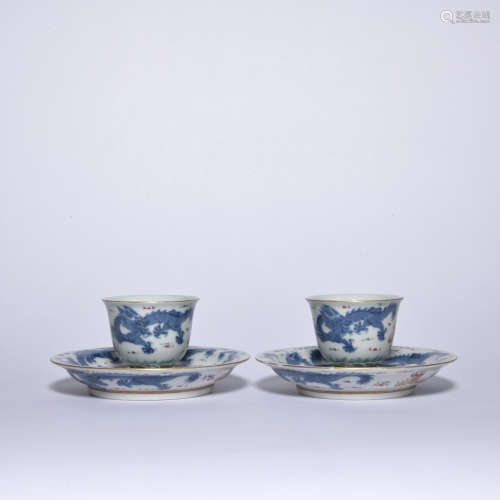 A pair of blue and white 'drgaon' teacup and holder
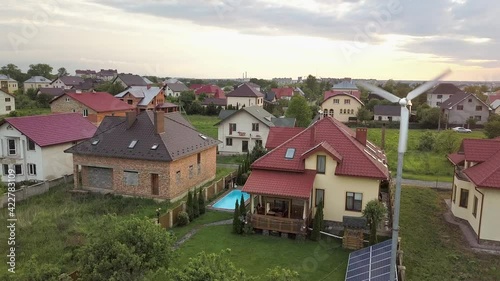 Wallpaper Mural Aerial view of suburban homes and private house with green grass covered yard, solar panels on roof, swimming pool with blue water and wind turbine generator. Torontodigital.ca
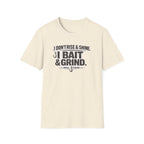 Comfort Colors unisex cream t-shirt with "I Don't Rise & Shine, I Bait & Grind" graphic and fishing hooks.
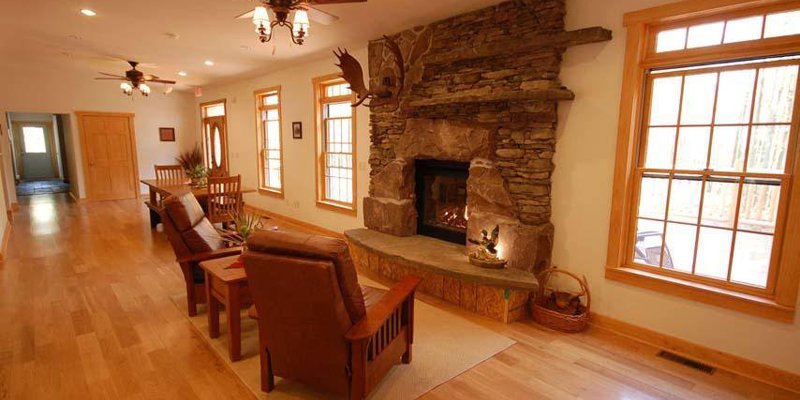 A warm, inviting room with a rustic stone fireplace, wooden floors, and large windows offering natural light, perfect for relaxation.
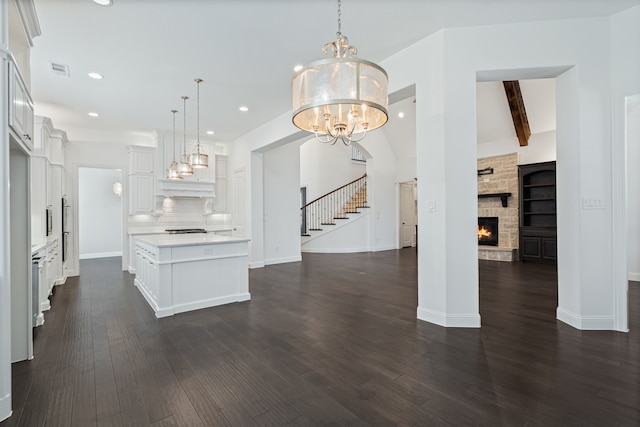 unfurnished living room with dark wood-style flooring, visible vents, stairs, a notable chandelier, and recessed lighting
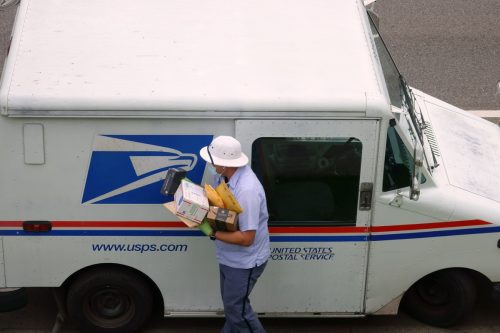   ASV pasta dienesta USPS pastnieks nēsā masku un cimdus, nesot paku kravu no pasta kravas automašīnas COVID-19 koronavīrusa pandēmijas laikā.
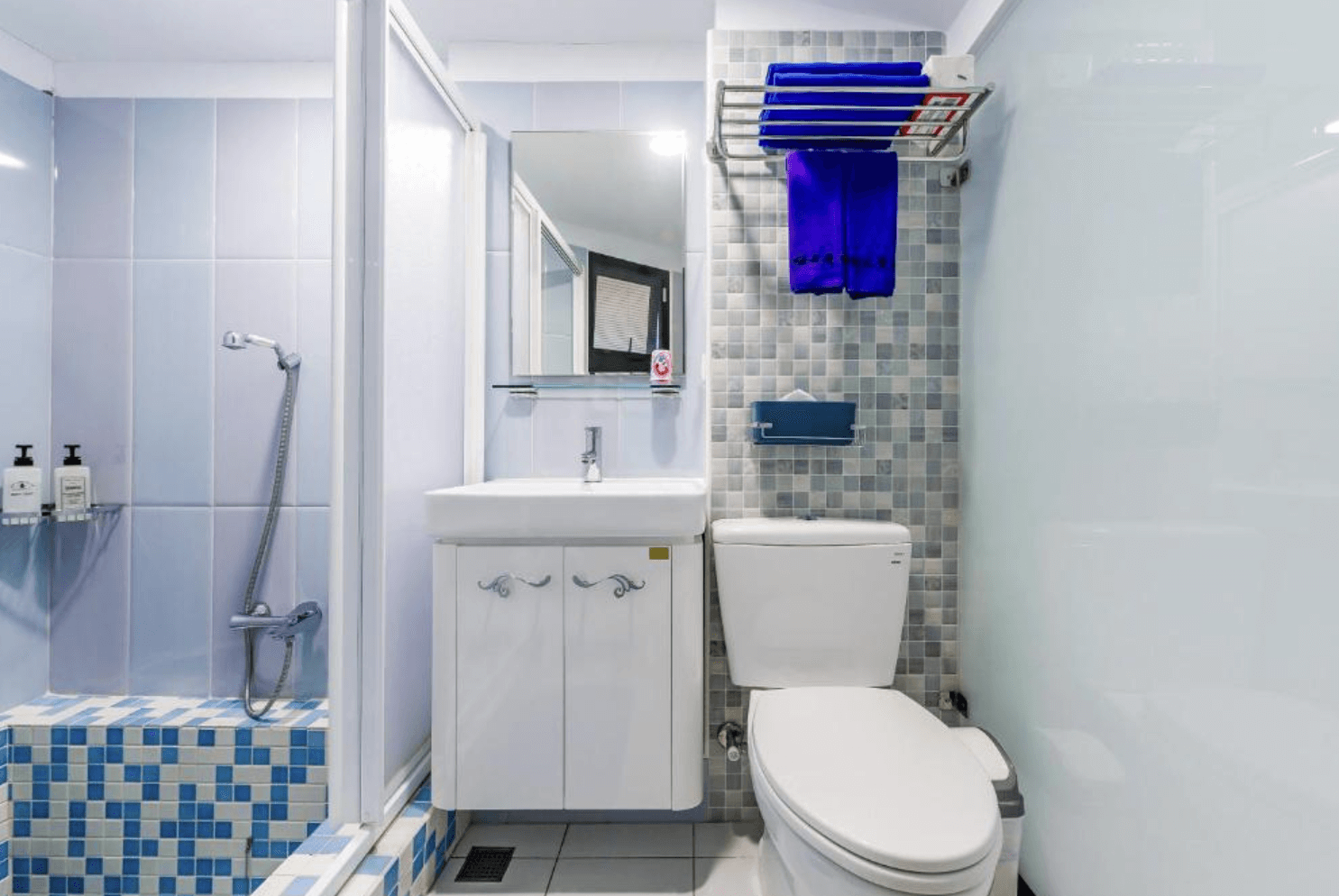 【東港住宿】幸福浪漫旅乾濕分離的衛浴空間，採用淺藍與白色系磁磚裝飾，搭配簡約風鏡櫃與洗手台，牆面設有毛巾架與衛生紙架，整體乾淨清爽、功能齊全。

WORK REQUEST »
The pictures are not wanted, but every line of the listing should be duplicated exactly.

RESPONSE TO THIS TASK »
 A pair of blue and white 'drgaon' teacup and holder
 Wallpaper Mural Aerial view of suburban homes and private house with green grass covered yard, solar panels on roof, swimming pool with blue water and wind turbine generator. Torontodigital.ca
 Comfort Colors unisex cream t-shirt with "I Don't Rise & Shine, I Bait & Grind" graphic and fishing hooks.
 A warm, inviting room with a rustic stone fireplace, wooden floors, and large windows offering natural light, perfect for relaxation.
 unfurnished living room with dark wood-style flooring, visible vents, stairs, a notable chandelier, and recessed lighting
   ASV pasta dienesta USPS pastnieks nēsā masku un cimdus, nesot paku kravu no pasta kravas automašīnas COVID-19 koronavīrusa pandēmijas laikā.
 【東港住宿】幸福浪漫旅乾濕分離的衛浴空間，採用淺藍與白色系磁磚裝飾，搭配簡約風鏡櫃與洗手台，牆面設有毛巾架與衛生紙架，整體乾淨清爽、功能齊全。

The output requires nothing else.